▶ REQUIRED WORK: From the records below, transcribe only the lines running from the one with "Used 2017 Chrysler Pacifica LX FWD image 5" through the one with "gray concrete statue". Keep both of those end lines.

▶ DATA TO PROCESS:
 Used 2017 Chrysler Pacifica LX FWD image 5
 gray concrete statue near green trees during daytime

---

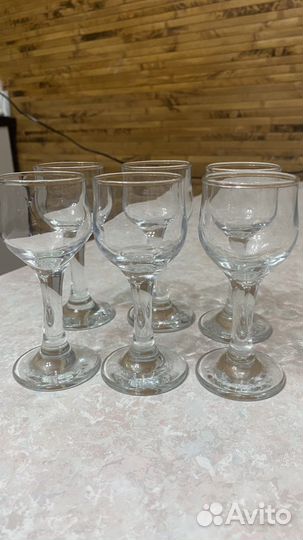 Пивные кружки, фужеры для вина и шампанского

---

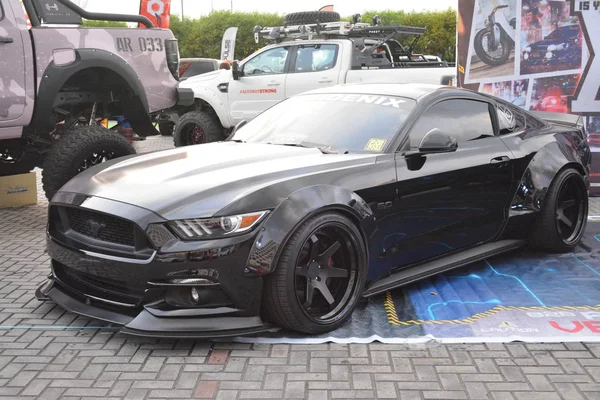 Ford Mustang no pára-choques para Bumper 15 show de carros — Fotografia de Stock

▶ RESPONSE TO THE EXERCISE:
 Used 2017 Chrysler Pacifica LX FWD image 5
 gray concrete statue near green trees during daytime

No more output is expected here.